If you have a few rentals, I'm not sure I would make this too complicated. I would shoot for simplicity that will provide what you are looking for. If you are sole owner of it all, the tax reporting isn't any different, and it will still all be on your schedule E of your return anyways since all of the LLC would be disregarded entities in this instance.

@William Carpenter , in regards to Series LLCs and states that recognize them or not, the issue comes down to each specific state recognizing the "internal liability shield." Not if they have a Series LLC to create in that state or not--an investor in any state can form a Series LLC in a different state if he or she wants one. Every state has an internal liability shield for LLCs and that is what is analyzed in every state: the LLC Internal liability shield of the state you're being sued in. I am not an attorney, but this is what I understand.

The series LLC was created to simplify creation and reporting for related LLC's, it may cost more upfront but it also allows the investor to add to their investments with asset protection more conveniently.
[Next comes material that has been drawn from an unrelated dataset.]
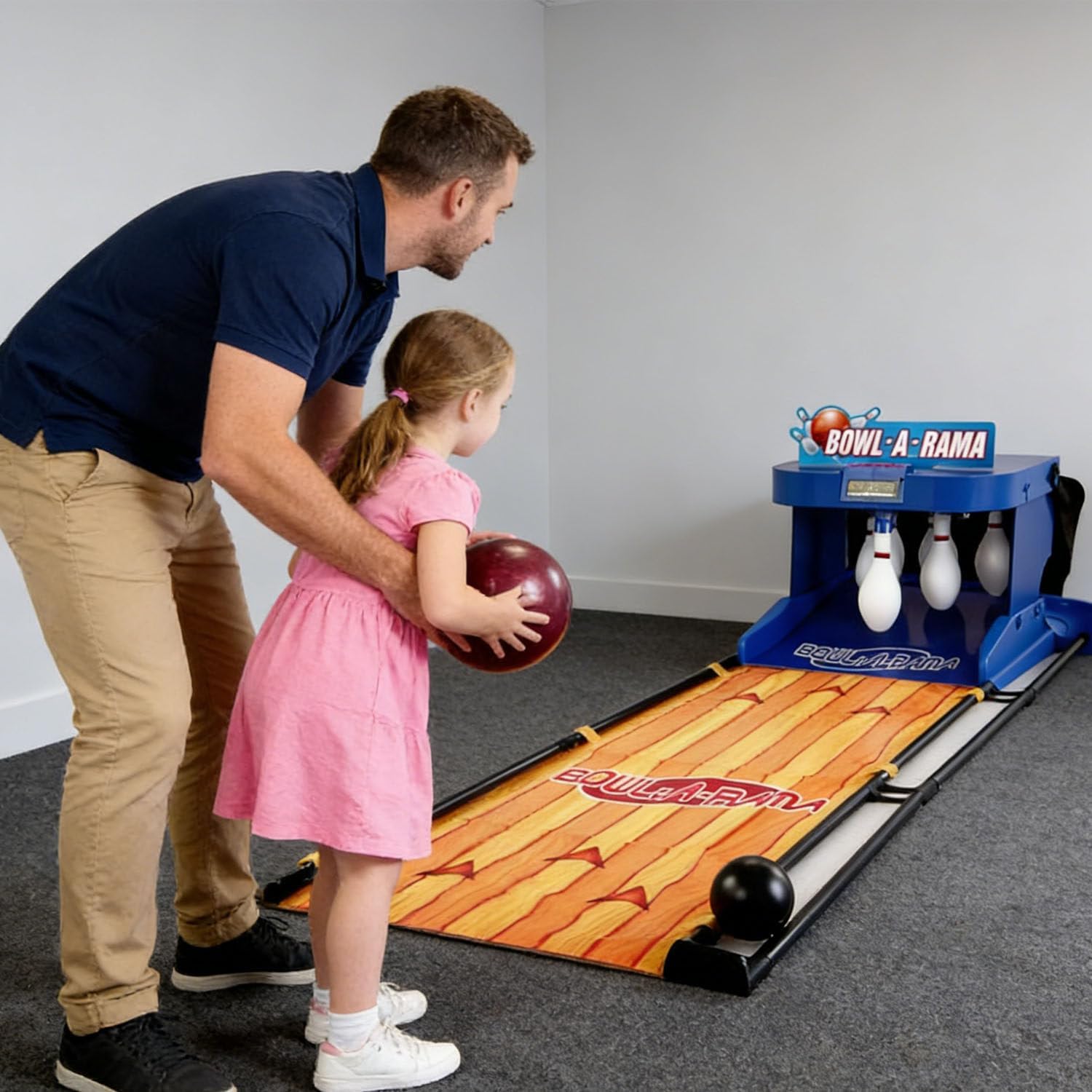 Interactive Bowling Game for Kids, Electronic Bowling Alley with LED Scoreboard, Automatic Pin Reset, Lights & Sound Effects for Home Party Family Entertainment 2m/6.56ft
@David Swedberg the potential problem I see with having a series, and then doing business in a state that does not allow for a series, is, in a series, the parent is the single EIN, and typically you need an EIN in order to get a certificate of good standing from the SOS of the home state for submission as a foreign entity to operate in a state that it is not organized in  

Kansas has statues specific to allow for a series, and the organizational documents need to reflect such, and there is a filing in Kansas only for the establishment and removal of a series, outside of this, only the parent files with the SOS annually, so I see some potential issues that could happen when a series is not allowed / recognized in another state, but a series is who is operating. Additionally, if you close down the parent, it effectively closes all series associated with it. May not be what you want, or it requires you to maintain the series. 
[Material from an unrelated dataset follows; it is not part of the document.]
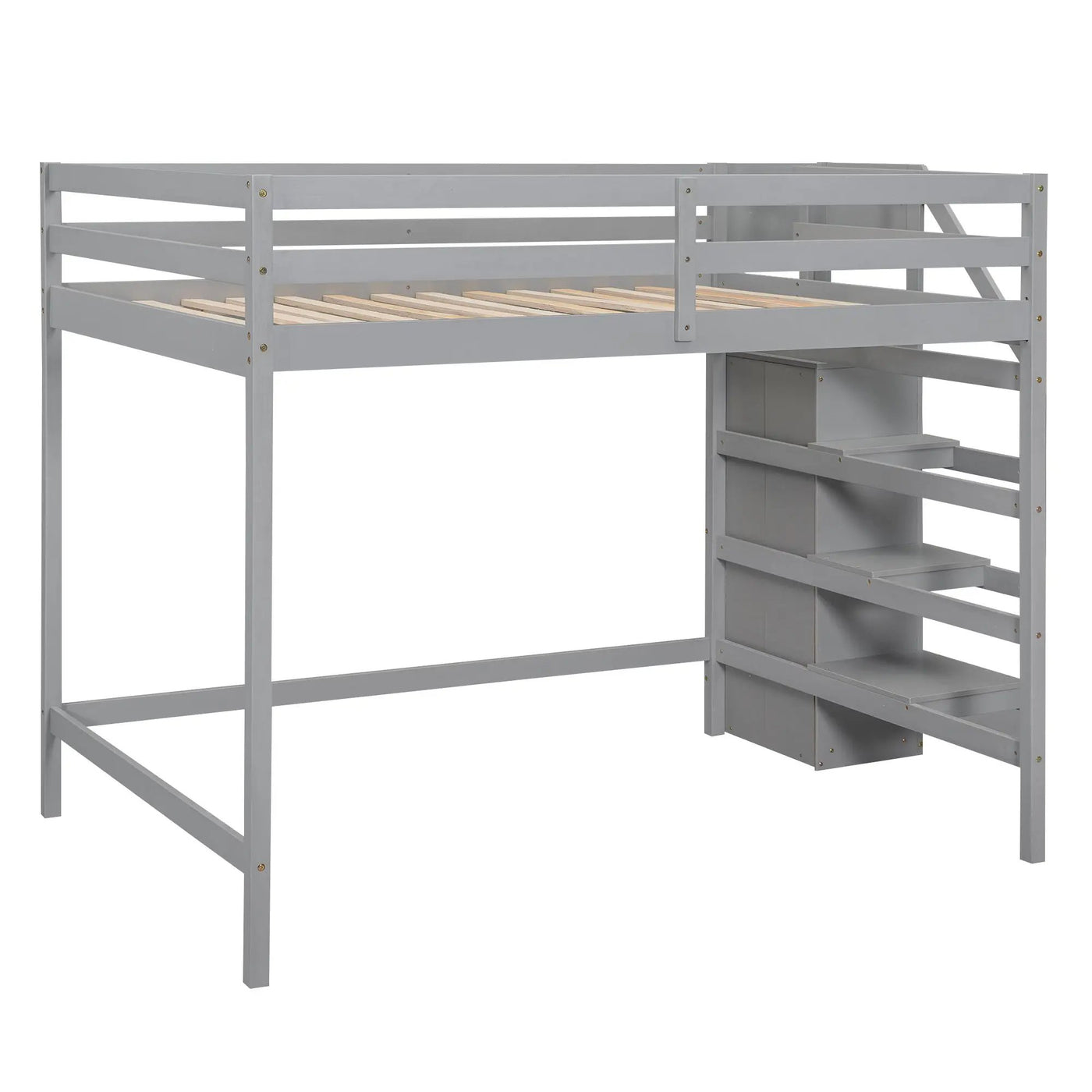 Loft Bed With Built In Storage Wardrobe And Staircase by HouseOfZazla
In states that do allow for a series, it is, again, because there are statutes specific to allow for this since an LLC is a state law product to begin with.

Again, I will also defer back to my original comment that it is only easy from a tax perspective if the parent and series llc’s have the same ownership. Anyone that thinks it is easy and doesn’t matter for ownership will tell you so because they have never had to prepare a series return with varying ownership throughout the series and parent, and trying to allocate properly on the return is not that simple sometimes, and will likely cost as much or more than separate entities.  
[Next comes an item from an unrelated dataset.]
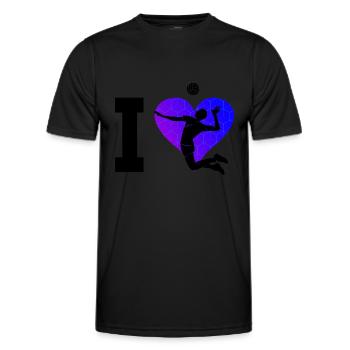 Beach Volleyball Beach Volley Volley Volleyball - T-shirt sport Homme - noir - Devant - AI Model Male 178 dark (178cm)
My opinion is it is just as simple to establish multiple LLC's with a parent that owns the underlying assets of the others. Still provides for layers of protection, and when multiple ownership is involved it is just as, and possibly more, simple than filing for the series.

If this situation were for me, and I was concerned with liability, I would have an LLC for Kansas, and an LLC for Missouri, if I am really worried about liability, I would have a Holding LLC that owns the underlying KS and MO entities. Suffices for your layers of protection, and reporting is still simple. Then you only need to worry about dollar value or ownership in an entity for potential liability issues, and may need an additional llc later on. Not to mention, if there is an ultimate single owner of the LLC, then tax reporting is still simple, but it is ultimately all disregarded, and just on the individual return.

@Carlos C.

For instance if you need to evict a tenant; when you appear in court the judge will drop your case if your LLC is not registered in that state.